応じ(Ouje)とは何か?〜組手に強くなりたい人へ

 
  

   初伝のレベル(初段から二段)では、相手の攻撃を受けてから反撃する、受け返し(デイフェンス&カウンター)かできないかもしれません。しかし中伝のレベル(三段から四段)では、相手の攻撃を防御しながら相手を崩す。同時に崩れたところを攻撃する、「応じ」を目指してください。「応じ」の稽古の目指すところは、レベルの高いディフェンス&カウンター技の習得ですが、そこに止まりません。真に目指すところは、「組手における自他のリズムの調整→自他の呼吸の調整→自他の変化の予測→自他の技の判断→自己の技の選択」というような感覚とそれを制御する能力を身につけることなのです。

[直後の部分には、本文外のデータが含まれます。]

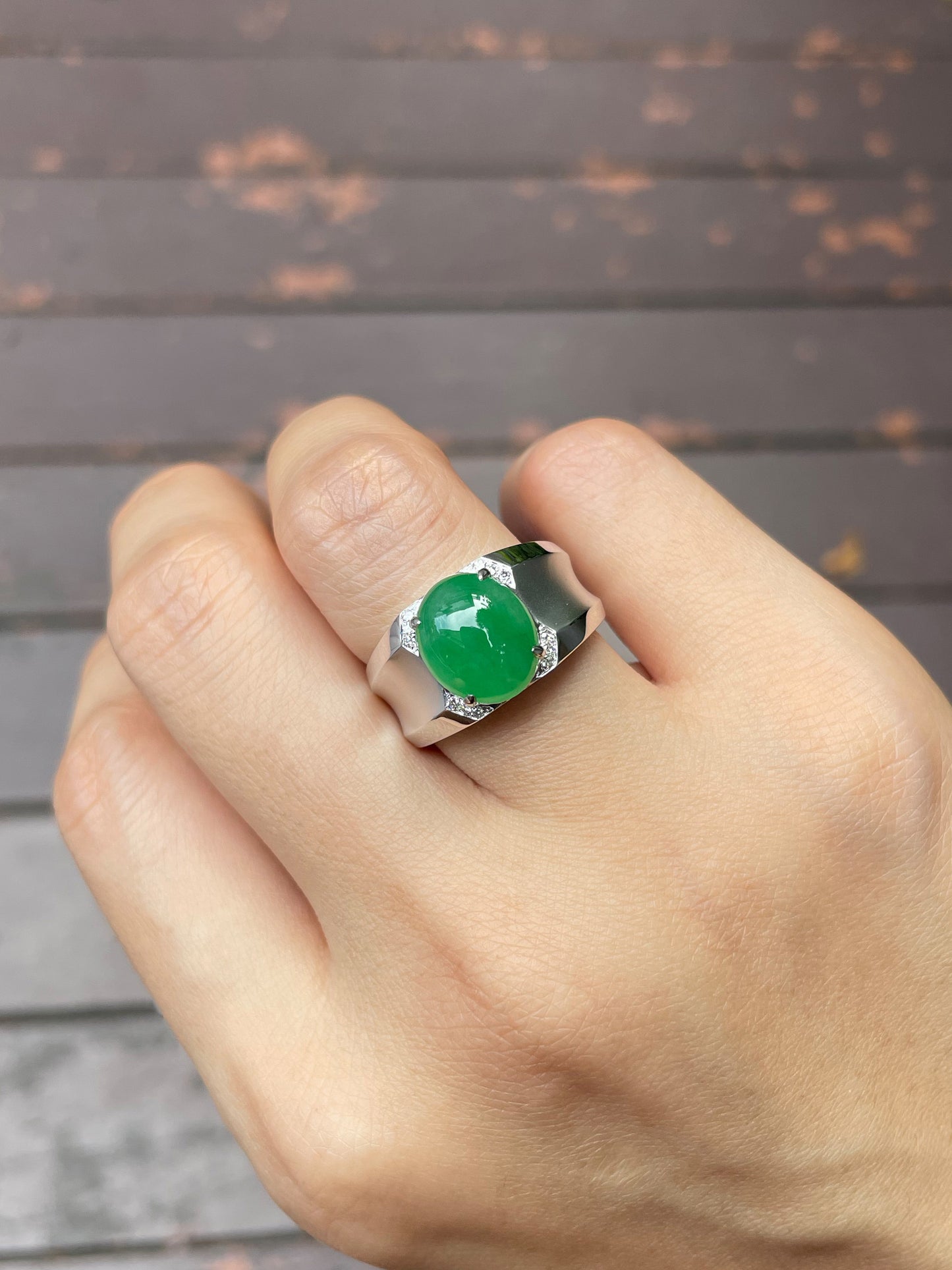 Green Jade Cabochon Men's Ring (NJR049)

   さらに奥伝のレベルでは、相手の攻撃を防ぎながら攻撃する、より高次の「応じ」である合撃(交差法・クロスカウンター)の習得を目指します。しかしながら、「相手の動きに未然に感応し、その動きを制していく」また「相手の動きと一体化し、争うことのない状態を保つこと」が奥伝の応じの目指すところです。より高いレベルの「応じ」を体得するためには、組手稽古の量が必要です。しかしながら、組手稽古をただ行なうだけでは、応じの感覚は身に付かないでしょう。組手型を含めた組手稽古は、相手の動きに対応する心身のセンサーと処理プログラムの構築手段です。多くの人が組手の勝敗に拘泥して、そのような構造に目を向けません。しかし、組手の勝敗に拘泥してはいけません。特に道場における組手稽古は、より高い意識で行うようにしましょう。また、試合も単に勝つというのではなく、正しい理合の体得を目指すという心構えで行う方が良いでしょう。

 

◎初伝、中伝、奥伝とは、増田空手の体系の中の技術(理論を含む)レベルの目安

組手型(KumiteGata)とは何か?

 組手型とは、極真会館増田道場独自の相対で行う型稽古のことです。組手型の稽古の仕方を簡単に説明すれば、まずは2人1組で向かい合います。次に、「受け」(攻撃側)と「取り」(応じ側)に分かれます。そして「受け」の攻撃に対し、「取り」が「受け」の攻撃を防御し、間髪を入れずに反撃を行います。そのような形が組手型の最も基本的な形です。

 さらに組手型の稽古を理解した後、約束組手の稽古も行います。約束組手は伝統的な約束組手とは異なり、増田道場独自の稽古法のことです。稽古の仕方は簡単です。組手型を基盤にしながら、「受け」があらかじめ約束した数種の攻撃技を「取り」に対し繰り出します。その攻撃に対し「取り」もあらかじめ決められた「応じ技(防御技×攻撃技)」で対応します。そのような稽古を繰り返すことにより「読み取り力」を鍛えます。「読み取り力」とは、相手の攻撃や意図を読み取ることです。より早く、より正確に読みとることにより、その対応を正確、かつ自在に行えます。極真会館増田道場では、基本、組手型、約束組手の稽古と段階的に稽古を行います。そのような稽古法によって、組手に慣れてない初心者でも、安全、かつ確実に組手の技能を習得することができます。また、体力のあるなしに影響されず、また、運動が苦手な人でも、時間をかければ、組手に上達します。

応じ(Ouje)」の技術がなければ

 なお、組手型と約束組手で重視するのは、「応じ」の技術と感覚です。「応じ」とは。相手の攻撃を防御するのみならず同時に反撃を行うことです。「応じ」とは戦術の原理のことです。そして具体的な戦術としては、多様な「応じ技」があります。「応じ技」を使うことの利点は、相手の連続攻撃を防ぐことです。また相手は的確な「応じ(ouje)」により、組手のリズムを狂わされ、攻撃をリズムカルに連続させることができなくなります。

 もう一つ重要なことを述べておきます。もし「応じ(Ouje)」の技術がなければ、相手と技を出し合う組手稽古において、自分が怪我するのみならず、相手にも怪我を負わせることになるでしょう。なぜなら、応じ(Ouje)の感覚がない人が組手を行うと、恐怖心が先に立ったり、すぐに感情的になったりして、絶えず体に力が入るからです。

 感情が昂り、体に力が入りすぎれば、思うように動けません。また無駄な動きをしてしまう可能性が高まります。ただし、応じを行う場合も、あまり体に力を入れずに、応じ技を使う癖をつけてください。その癖をつけないと、組手で自ら怪我をしたり、相手に怪我を追わせたりするでしょう。

 
 

 
備考

  • 2017/7:タイトルに「組手に強くなりたい人へ」とサブタイトルをつけた。